Here are some images of the jobs I just finished and am working on now. The first two are from my latest MAD job entitled “When Video Games Become Religious”. Like the “Rejected Cars Characters” of a few issues ago, this was a little different than my usual work for MAD.
“Damn, it’s that same stupid shape again!”
“What would Jesus do?”
The challenge here was that I needed to draw images both from the “video game” world and the “real” world, and make it obvious there is a difference between the two. In order to accomplish this, I needed to make the art from each world very different. It was important to try and get the same kind of feel to the video game artwork that is seen in the actual graphics of the games, so the look of that “world” was going to be dictated to me somewhat by the look of the actual games.
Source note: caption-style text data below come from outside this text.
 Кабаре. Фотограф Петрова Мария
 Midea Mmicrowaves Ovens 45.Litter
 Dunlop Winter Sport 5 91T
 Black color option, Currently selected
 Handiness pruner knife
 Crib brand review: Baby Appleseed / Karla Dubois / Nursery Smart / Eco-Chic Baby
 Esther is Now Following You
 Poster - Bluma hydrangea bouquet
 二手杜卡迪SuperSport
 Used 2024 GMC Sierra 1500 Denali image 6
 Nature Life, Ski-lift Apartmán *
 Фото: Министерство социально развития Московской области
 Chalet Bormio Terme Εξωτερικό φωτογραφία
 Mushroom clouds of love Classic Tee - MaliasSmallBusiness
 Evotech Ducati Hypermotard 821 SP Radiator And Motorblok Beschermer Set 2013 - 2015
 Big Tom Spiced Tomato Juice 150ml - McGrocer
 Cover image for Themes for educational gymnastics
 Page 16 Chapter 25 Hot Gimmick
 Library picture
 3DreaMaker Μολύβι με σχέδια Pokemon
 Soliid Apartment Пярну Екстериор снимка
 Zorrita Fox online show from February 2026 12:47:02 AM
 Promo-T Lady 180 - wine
The real world I drew in the same manner I do most of my parody work (meaning not “real” at all, but my cartoon version of the world), but I also used the bluish cast of TV lighting in a dim room to create a muted and monochrome-like color palette for the real world, leaving the vibrant colors to the screens and game panels. That and the line work in the real world scenes set them apart nicely, I think. Of course my graphics for the video games are a far cry from the true look, but the feel of them is there. You can see the rest and enjoy the written gags in MAD #471.
It’s always fun and challenging to get different jobs like this from MAD. It’s a little frustrating as well, since I am forced out of my comfort zone with them, but that is always a good thing.
The other job, which dropped into my lap suddenly and with a lot of urgency is for the Minnesota Twins, our local pro baseball team. I’ve done a lot of work for the Twins over the years, both for their magazine and for stadium giveaway posters of the team the last four seasons. These posters were caricatures of the entire team, which they insisted I do as a real painting so they could have the original. The paintings were in watercolor with a little airbrush, and are huge (24 x 40 inches). The printed posters were given away to the first 10,000 kids on Kids appreciation day, the last game of the season each year. Unfortunately the Twins have a new sponsor for that promo this year and they want to do a different give-away, so no poster in 2006.
The new job is a T-shirt design. A few weeks ago the manager for the Chicago White Sox, a nut-case named Ozzie Guillen, called the Twins a bunch of “little piranhas” because they have workmanlike, un-glamorous players up and down the line-up who take little bites out of the other team here and there until the other team is dead. The local and national media loved this, and so did the fans. Anyway they want a “piranhas” shirt done ASAP, so I got a call and had to bang out a bunch of roughs the last few days. I think we are getting close now, but likely more tweaks are on the way. Here are the current pencils designs of the back and front of the shirts, respectively:
A fun job, but it might never see print. You never know with these things. We’ll see.